SCP財団
SCP財団のロゴ[注釈 1] | |
URL |
scp-jp |
---|---|
言語 | 英語[注釈 2] |
設立者 | 4chan |
スローガン |
確保、収容、保護(日本語版) Secure, Contain, Protect |
営利性 | 非営利 |
登録 | 必要[注釈 3] |
開始 |
|
現在の状態 | 活動中 |
ライセンス | CC Attribution / Share-Alike 3.0 |
SCP財団(エスシーピーざいだん、英: SCP Foundation, SCPF)は、2008年に開設された共同創作コミュニティサイトであると共に、その作品内部に登場する組織の総称。
サイトの主な創作物は、「自然法則に反した異常な物品・存在・現象・場所など(異常存在、アノマリー、SCPオブジェクト、SCiP)」の収容手順やそのアノマリーの異常性の説明を記した報告書であるが、その他にもアノマリーやSCP財団に関する様々な形式の掌編(サイト内では「財団Tale・Tale」と呼ばれる)がコミュニティ参加者により執筆されている。これらはWiki形式のウェブサイトに投稿され、まとめられている[3]。
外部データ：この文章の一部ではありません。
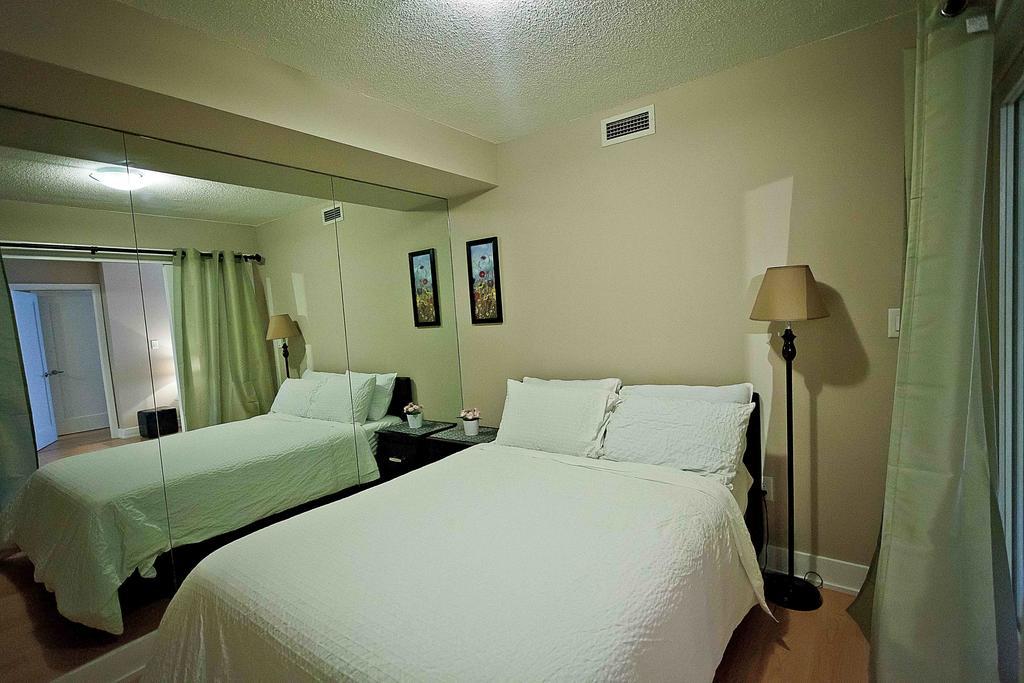 Red Maple Suites - Blue Jays Way Toronto Esterno foto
サイト内の創作物は共通の背景設定に大まかに従うことが求められており、その多くがホラー小説やSFの要素を持つ。また創作物は一部を除きクリエイティブ・コモンズ 表示-継承 3.0(CC BY-SA)ライセンスにより公開されている[注釈 4]
概要
[編集]フィクションとしてのSCP財団
[編集]作中におけるSCP財団[注釈 5]は、「自然法則を逸脱した異常な生物・物品・現象・場所(これらはSCP-173のように識別子で呼称される)の捕捉・研究を世界政府より委任された秘密組織」[注釈 6]という設定である。財団はアノマリーが一般市民の目に触れれば彼らの日常生活や正常な感覚を揺るがすだけでなく、場合によっては人類の生存そのものを脅かしかねないと考えており、そのため財団は集団パニックや予想される混乱を避け、人類の文明を正常に機能させるためアノマリーを秘密裏に保管し、また一部のアノマリーについては、将来の脅威に対処するための知識を求めて研究を行っている、という設定になっている[5]。 以上の目的のために財団は保護下にある一つ一つのアノマリーについて「特別収容プロトコル(Special Containment Procedures)を記した報告書を作成している」という設定になっており、これらの報告書にはアノマリーを安全な状態に留めるための手段、その性質の説明、財団による実験や研究の記録などが科学論文のような筆致でまとめられている。この設定に従って創作された架空の報告書が現実世界におけるSCP財団の主な創作物であり[6]、この文書もSCPと呼ばれる。ただし、作中でのSCPは本来文書の略称とされ、アノマリーそのものを指す用語であるSCiPと区別される[7]。
創作コミュニティとしてのSCP財団
[編集]サイトにはキーワード検索や記事一覧といったWikiとしての基本的な機能が備わっている。また、議論や情報交換のためのフォーラムや執筆者向けのガイドもサイト内で提供されている。自分の書いた作品をサイトに投稿するには、まず申込フォームを通じた参加申請を行ってサイトメンバーになる必要がある[3]。全ての作品には専用の議論ページと投票ボックスが設置され、サイトメンバー同士の建設的な批評を受けることができる。投稿できる記事に制限はないが、クオリティを保つための仕組み作りが考えられており、投票で否定的評価の多かったものはスタッフによって削除される[8]。また時折、決められた期間で提示されたテーマに沿った創作を行い、出来た作品を評価し合う創作コンテストも開催されている。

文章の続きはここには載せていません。